14. De rechtbank ziet aanleiding niet te volstaan met een vernietiging van de bestreden besluiten en verweerder op te dragen nieuwe besluiten op de bezwaren te nemen. In de plaats van dit laatste zal zij tevens de primaire besluiten herroepen, omdat de gemachtigde van verweerder ter zitting heeft aangegeven dat niet meer te achterhalen valt wat tijdens het gesprek van het Regieteam is gezegd en de onderbouwing van de concrete verdenking van ernstig plichtsverzuim door verweerder niet meer kan worden geleverd.
15. Omdat de rechtbank de beroepen gegrond verklaart, bepaalt de rechtbank dat verweerder aan eiser het door hem betaalde griffierecht in beide zaken vergoedt.
16. De rechtbank veroordeelt verweerder in de door eiser gemaakte proceskosten.
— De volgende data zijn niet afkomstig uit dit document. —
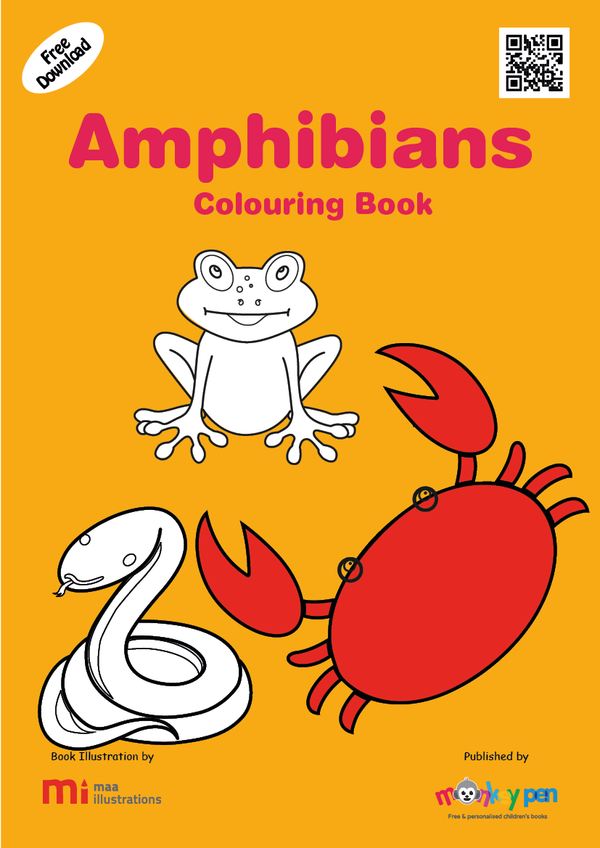 Amphibians Coloring Book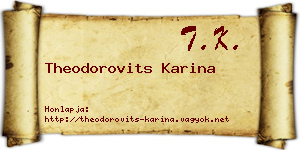 Theodorovits Karina névjegykártya
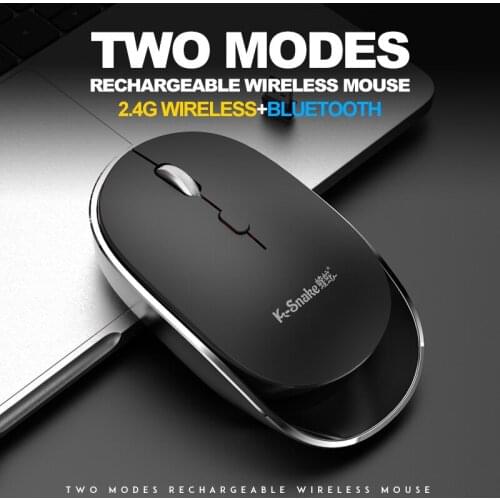 Viper BM800 Wireless Mouse Bluetooth 5.1 Long Battery Computer Mouse 2.4G Receiver Super Slim Silent Gaming Mouse For PC Laptop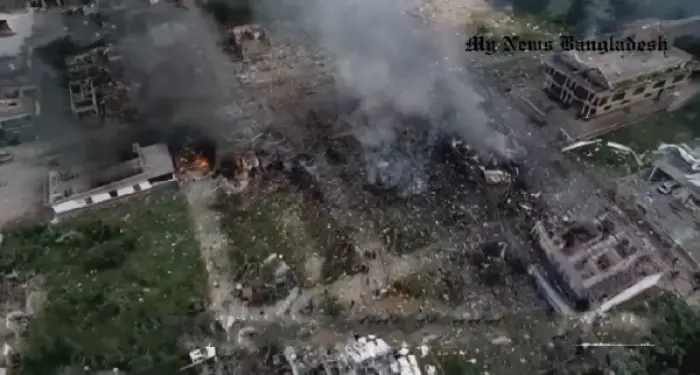 At least nine killed in Thai fireworks warehouse blast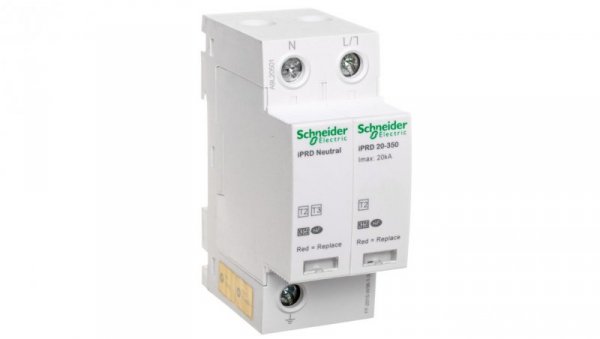 Ogranicznik przepięć C Typ 2 1P+N 20kA 1,1kV 350V iPRD-20r-20kA-350V-1PN A9L20501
Deze kosten stelt de rechtbank op grond van het Besluit proceskosten bestuursrecht voor de door een derde beroepsmatig verleende rechtsbijstand vast op € 1.602,00 (2 punten voor het indienen van twee beroepschriften en 1 punt voor het verschijnen ter zitting met een waarde per punt van € 534,00 en een wegingsfactor 1).